Granulomatous inflammation still fooling surgeons

Dear Sir,

Xanthogranulomatous cholecystitis is very often mistaken for gall bladder malignancy and only on histopathological examination is the ambiguity resolved. Where draining lymph nodes are enlarged, the diagnosis is tilted more in favour of malignancy than a benign process. Clinicians may easily mistake xanthogranulomatous inflammation for carcinoma. Our case, similar to one published in this journal ¹ had the added complication of enlarged regional lymph nodes.

A 50-year-old woman presented to our surgical outpatient department complaining of pain in the right hypochondrium for the previous six months. She acknowledged suffering from tuberculosis (TB) 18 years before, for which she had taken a full course anti-tubercular regimen and was deemed cured. Her systemic examination was normal. On computed tomography, the gall bladder showed enhancing thickening (11 mm) of the fundus along with loss of fat planes in segment IV of the liver. Pericystic and regional lymph nodes were markedly enlarged. In view of these findings, an impression of a neoplastic lesion was made. A radical cholecystectomy along with regional lymph node dissection and segment IV and V liver resection were performed. Gross pathological examination of the surgically excised specimens revealed two pigment stones within the gall bladder whose wall was thickened (0.8–1 cm) and had an ulcerated mucosal lining. The infiltration did not involve the underlying liver. The lymph nodes were enlarged and congested but without evidence of tumour deposits. Histological examination of ulcerated areas of the gall bladder wall showed subepithelial aggregates of foamy macrophages (Figure 1a and 1b), with a lympho-plasmacytic infiltrate and the presence of multinucleated giant cells with marked fibrosis of the wall. Focal pyloric metaplasia was also present. Even after extensive examination of further sections, no dysplasia or evidence of malignancy was identified. Well-defined, non-necrotising granulomata and multinucleated giant cells (Figure 1c and 1d) were seen in the lymph nodes. Subcapsular sinuses were filled with sinus histiocytes. Likewise, no metastatic tumour or lymphoma infiltrate was identified. Thus, a diagnosis of xantho-granulomatous cholecystitis and granulomatous lymphadenitis was tendered. OPEN IN VIEWER

Figure 1.

(a) Section (100 × H&E) shows partially ulcerated mucosa with chronic inflammatory cell infiltrate. The muscle layer fibres are widely separated, dispersed due to diffuse infiltration by foamy macrophages along with giant cell reaction spreading transmurally up to the adventitia. (b) Higher magnification (400 × H&E) shows sheets of foamy macrophages many of which have engulfed bile (brown-yellowish looking cytoplasm). (c) Section from lymph node shows replacement of lymphoid architecture by numerous well-defined granulomas occupying whole of the lymphoid parenchyma. Langhans giant cells are also seen. (d) Higher magnification (400×) showing a Langhans giant cell (horseshoe arrangement of nuclei) in the periphery of an epithelioid cell granuloma.

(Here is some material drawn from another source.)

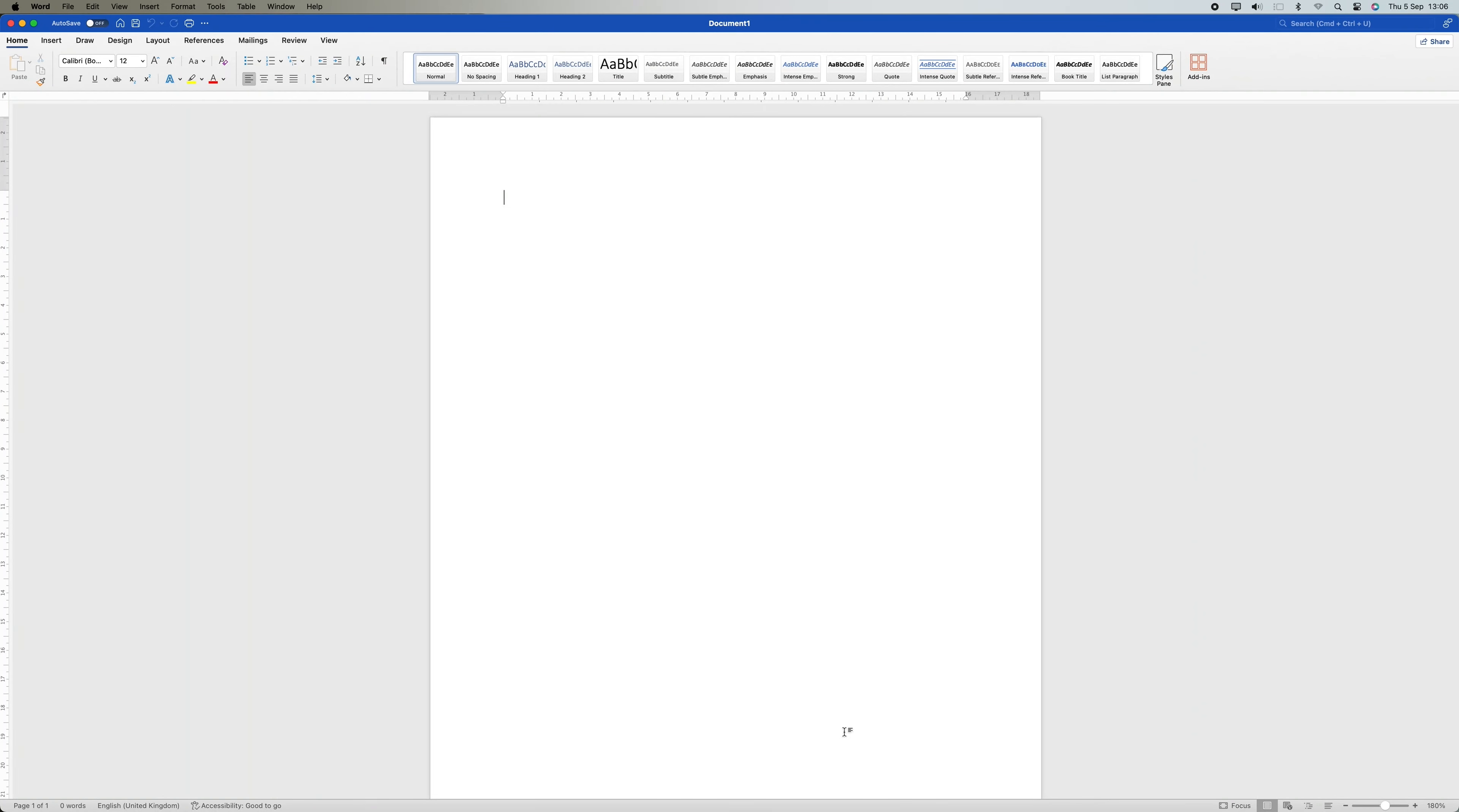Hello guys, welcome to my channel. In this video, I'm going to show you how to change your username for tracking changes in Microsoft Word. It is a fast and easy tutorial.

Xanthogranulomatous cholecystitis was coined in 1981 as a specific entity by Ishak et al.^2,3 It is characterised by focal to diffuse thickening of the gall bladder wall.^3,6 There is invariably accumulation of foamy macrophages, lymphocytes and plasma cells. Multinucleated giant cells are also seen frequently. ² The inflammatory process is associated with marked fibrotic proliferation, which apart from distorting the architecture also leads to infiltration into surrounding structures giving a false impression of malignancy, intraoperatively as well as on radiological imagery.^2–4 The pathogenesis is still elusive, though most accepted theories believe it is due to bile entering into the interstitium of the gall bladder wall, inciting an inflammatory response.^4,5 Involvement of the adjacent tissue is the major complication, making the differentiation from carcinoma difficult. The problem is further accentuated when regional lymph nodes are enlarged, as seen in our case, which has only rarely been reported in the literature. ⁴ The only modality, shown to delineate the two diagnoses, is a frozen section sample examination.^4,5 We therefore stress that where there is a doubt of malignancy, a frozen section examination must be performed. This is mandatory, both to save patients from unsatisfactory routine cholecystectomy where a radical procedure is indicated, as well as unnecessary radical cholecystectomy and extended hepatectomy, where no malignancy is found, as of course is the case where TB is discovered. ⁶ This is especially important in India where TB is common but still has a social stigma and patients tend to hide the disease.